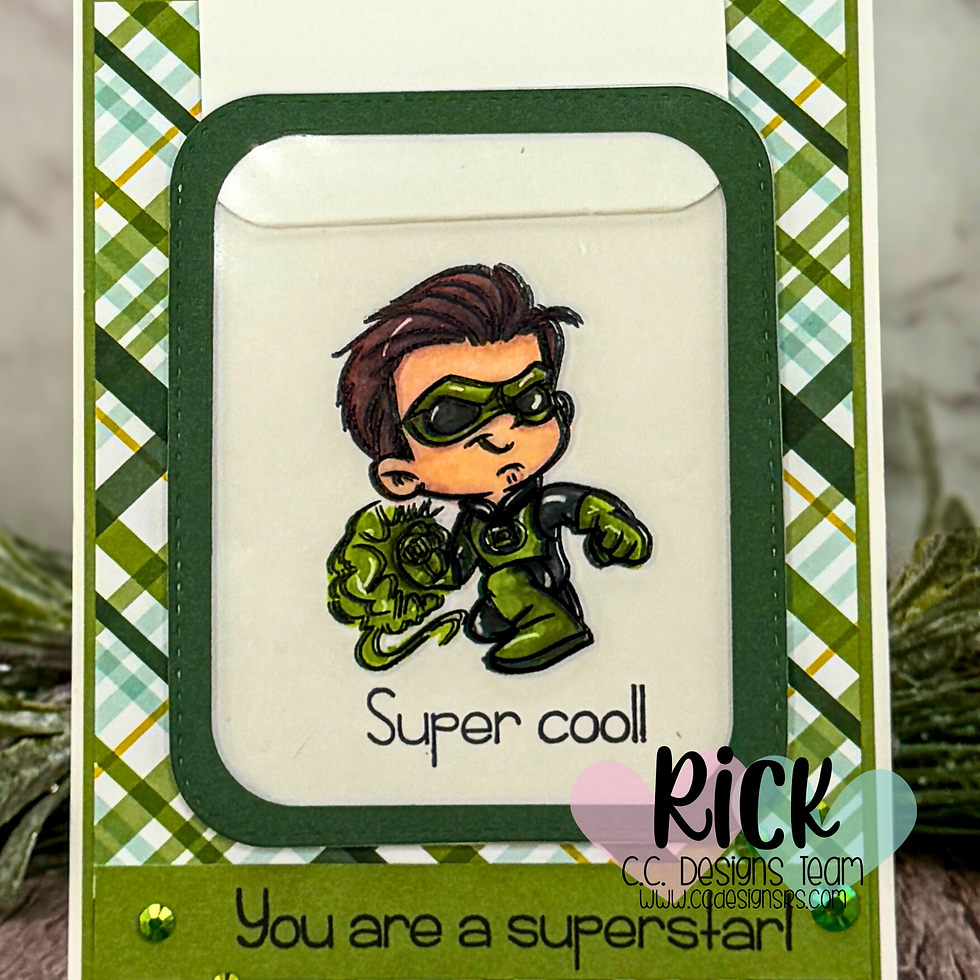 Cartoon hero in green outfit, mask, and power ring on card with plaid border. Text: "Super cool!" "You are a superstar!" Energetic mood.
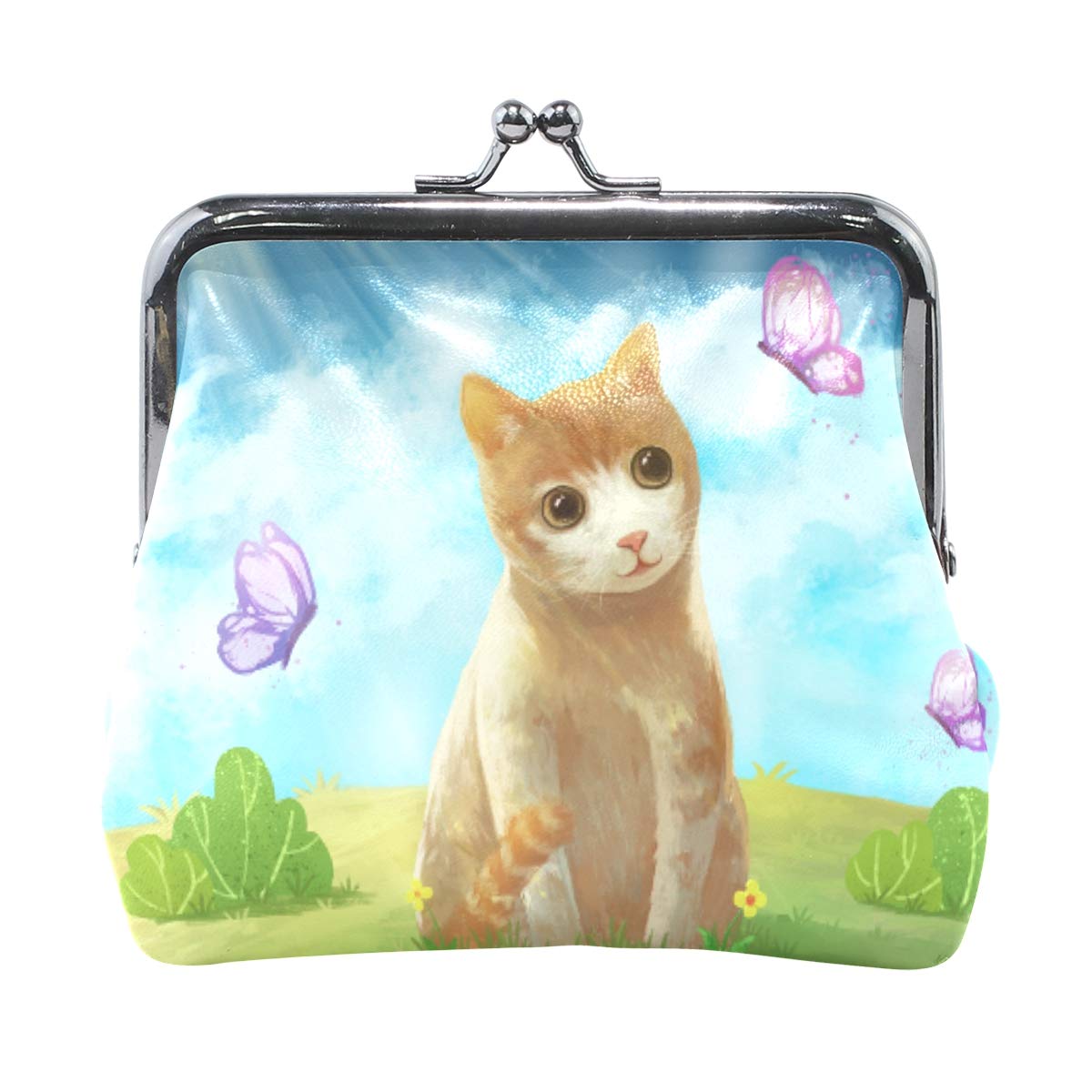 Cute Kitten Playing With Butterflies Coin Purse - Vintage Kiss-lock Wallet for Women & Girls - Small Card Holder & Change Pouch - Perfect for Daily Use, Shopping, and Gift Giving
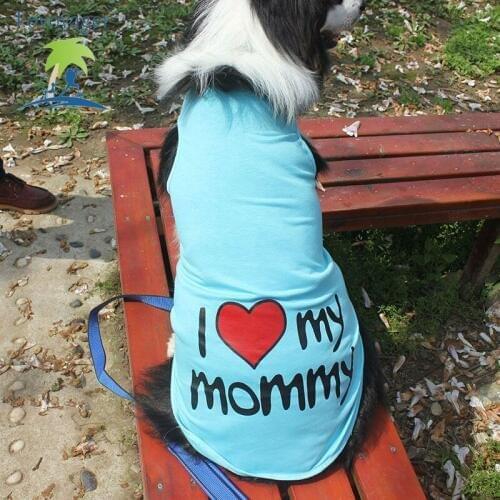 Larger Pet I Love Mommy Daddy Dog Clothes Summer Dog Vest T Shirt Free Shipping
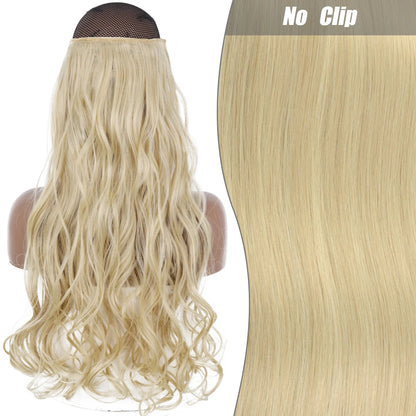 No Clips Natural Hair Extension Synthatic Artificial Long Straight Hairpiece Blonde Black Mixed Color False Hair Piece For Women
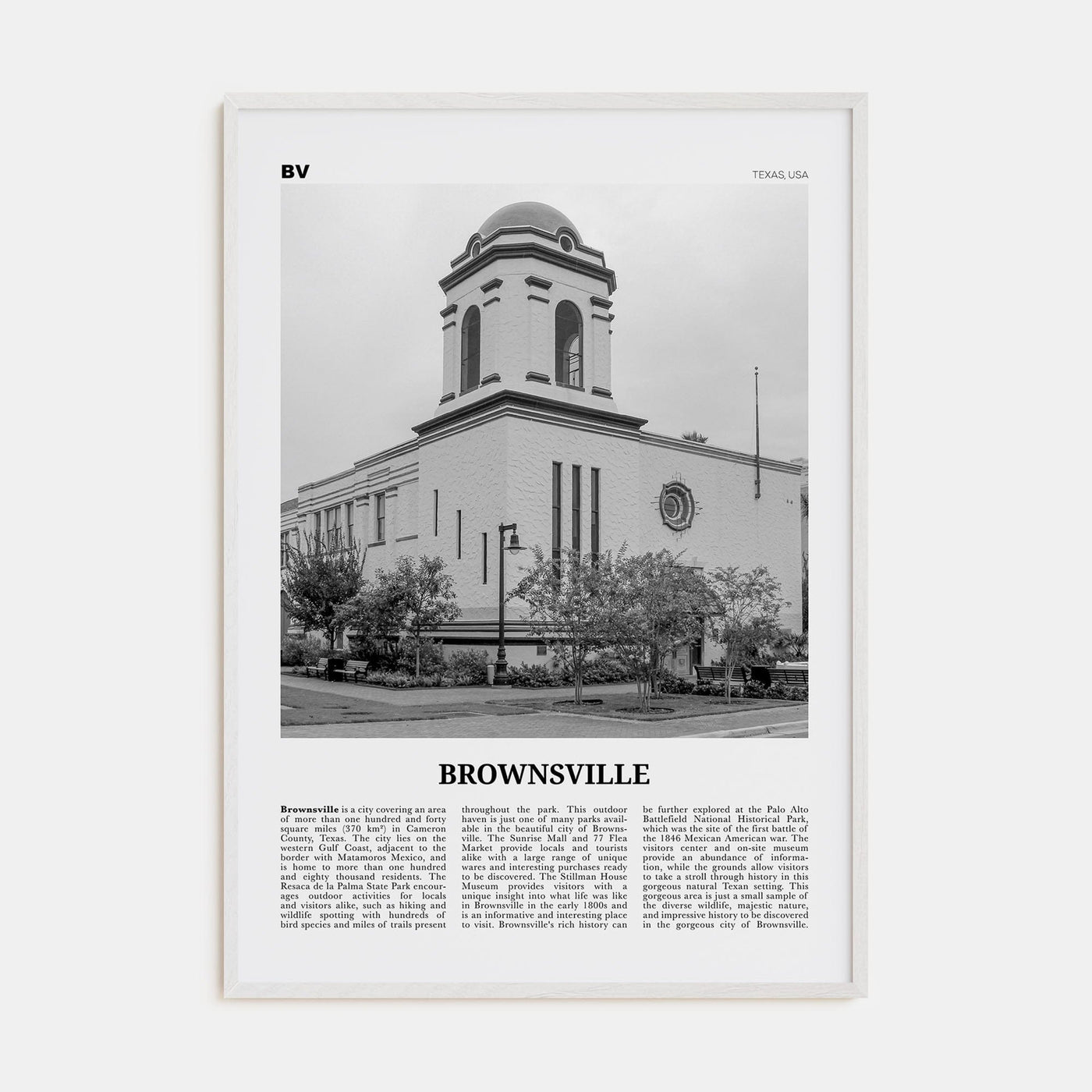 Brownsville Poster White Wood / 8x12 in Nbourhood Travel B&W Poster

**Task details**: Give again the stretch of lines above from the one with "Cute Kitten Playing" through the one with "No Clips Natural", both ends kept, and copy no pictures.

**Solved problem**:
 Cute Kitten Playing With Butterflies Coin Purse - Vintage Kiss-lock Wallet for Women & Girls - Small Card Holder & Change Pouch - Perfect for Daily Use, Shopping, and Gift Giving
 Larger Pet I Love Mommy Daddy Dog Clothes Summer Dog Vest T Shirt Free Shipping
 No Clips Natural Hair Extension Synthatic Artificial Long Straight Hairpiece Blonde Black Mixed Color False Hair Piece For Women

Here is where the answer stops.